Called the "basic rule," the law thrown out by the court has been on the books for more than 40 years. It was coupled with the federal speed limit during the 1970s in the interest of energy conservation but became Montana's only general speed law again after Congress repealed the federal limit in December 1995. Montana is the only state without a numeric daytime speed limit for cars and light trucks.

The law required motorists drive no faster than is reasonable and proper for conditions, such as traffic, weather, road surface, vehicle weight, condition of brakes and tires, the grade and width of a highway and so on.

The court held the law is so vague that it is unconstitutional.

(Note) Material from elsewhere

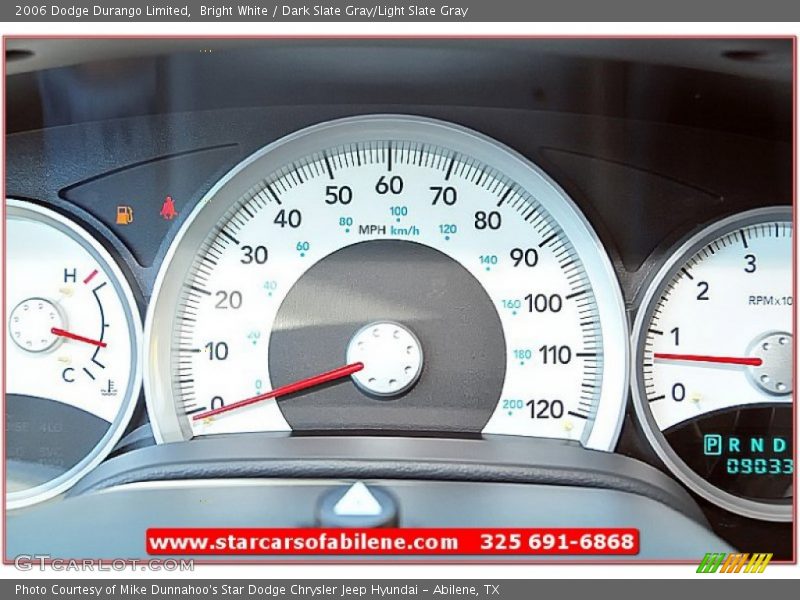 Bright White / Dark Slate Gray/Light Slate Gray 2006 Dodge Durango Limited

"It is evident . . . that the average motorist in Montana would have no idea of the speed at which he or she could operate his or her motor vehicle on this state's highways without violating Montana's basic rule, based simply on the speed at which he or she is traveling," Justice Terry Trieweiler wrote for the majority.

The basic rule not only permits but requires the kind of "arbitrary and discriminatory enforcement" that the due process clause of the Constitution is intended to prevent, he said.

"It impermissibly delegates the basic public policy of how fast is too fast on Montana highways to policemen, judges and juries for resolution on an ad hoc and subjective basis," he wrote.

A decision dependent on factors such as sight distances and stopping distances is the job of engineers, not motorists and police, the court said.

In a dissent, Chief Justice Jean Turnage said the law is not so confusing as to be unconstitutional. It has been on the books for 43 years, and motorists have had no problem understanding its mandate during that time, he said.

Mazurek, who oversees the Highway Patrol, emphasized the law still requires people to drive in a "careful and prudent manner" for conditions, and motorists should not see the Supreme Court decision as a license to drive at breakneck speeds.